What needs to be done
Exact retyping of the data: please keep every word and drop each picture.

Material provided
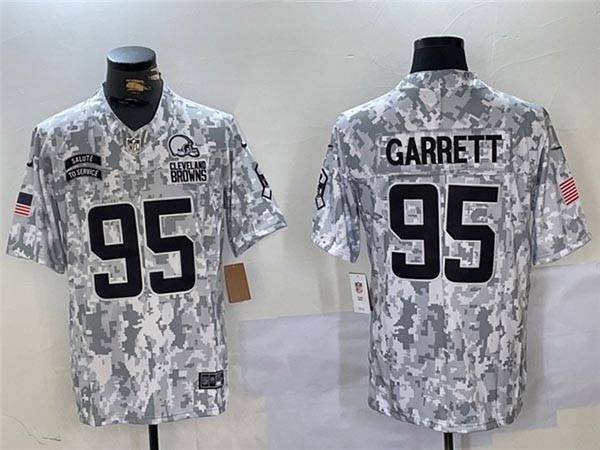 Men's Cleveland Browns #95 Myles Garrett Arctic Camo 2024 Salute To Service Limited Jersey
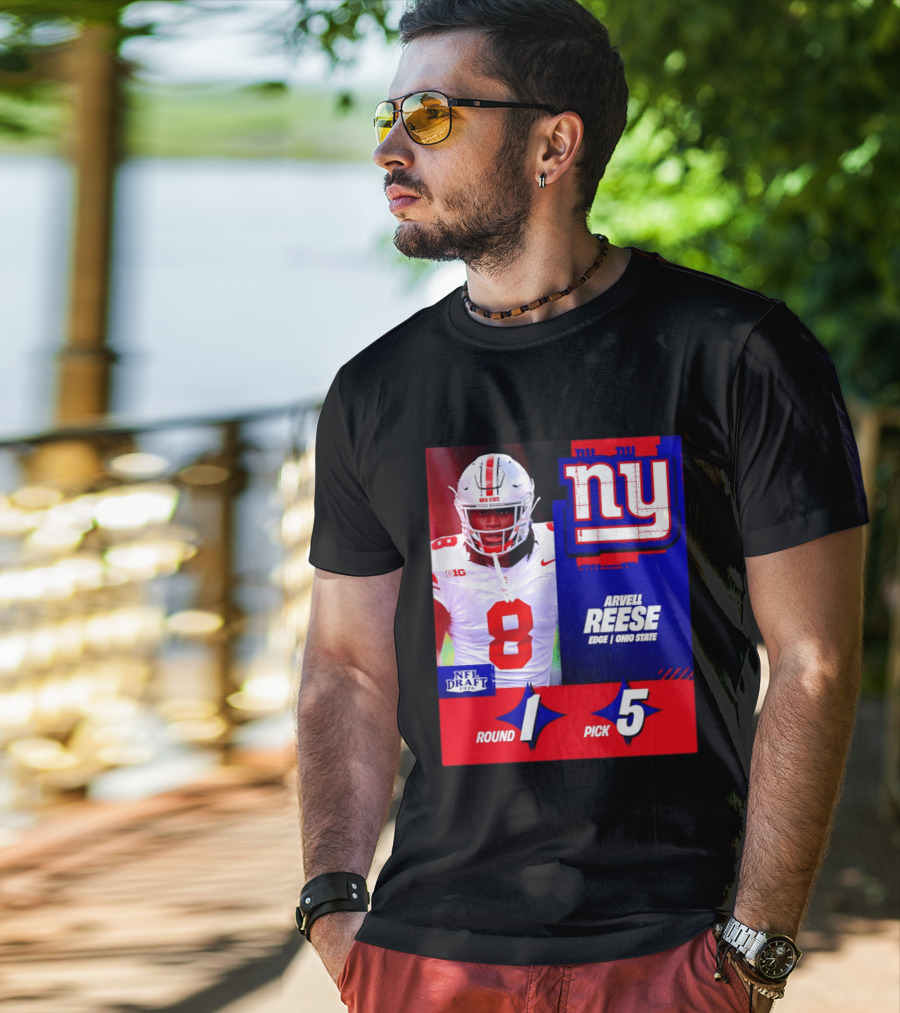 New York Giants NFL Draft 2026 Arvell Reese Ohio State Round 1 Pick 5 T-Shirt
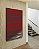 Quadro Vertical Abstrato Listras Vermelho Carmim Cinza Prateado Canvas Moldura - Imagem 5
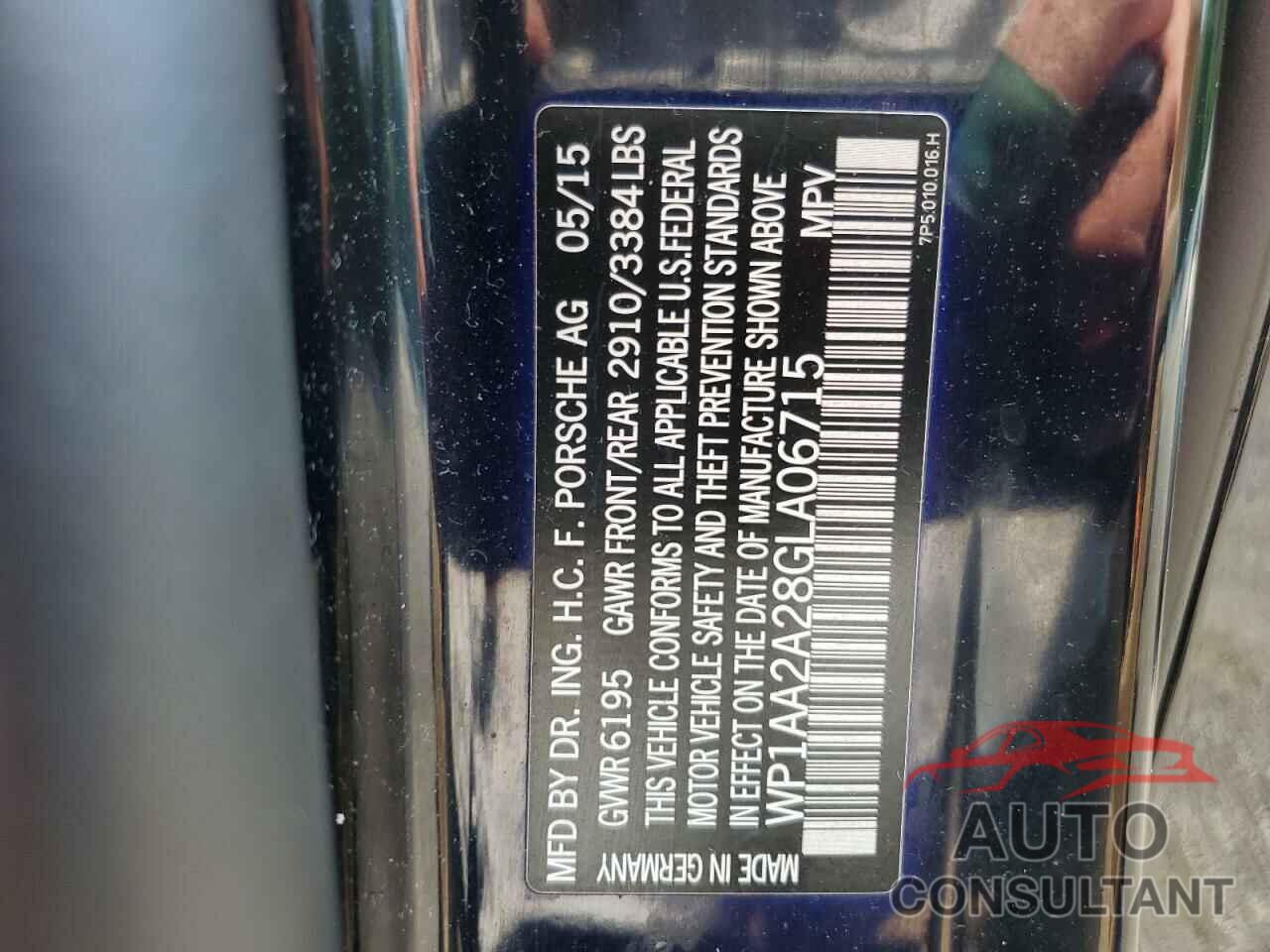 PORSCHE CAYENNE 2016 - WP1AA2A28GLA06715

Exercise output
 Men's Cleveland Browns #95 Myles Garrett Arctic Camo 2024 Salute To Service Limited Jersey
 New York Giants NFL Draft 2026 Arvell Reese Ohio State Round 1 Pick 5 T-Shirt
 Quadro Vertical Abstrato Listras Vermelho Carmim Cinza Prateado Canvas Moldura - Imagem 5
 PORSCHE CAYENNE 2016 - WP1AA2A28GLA06715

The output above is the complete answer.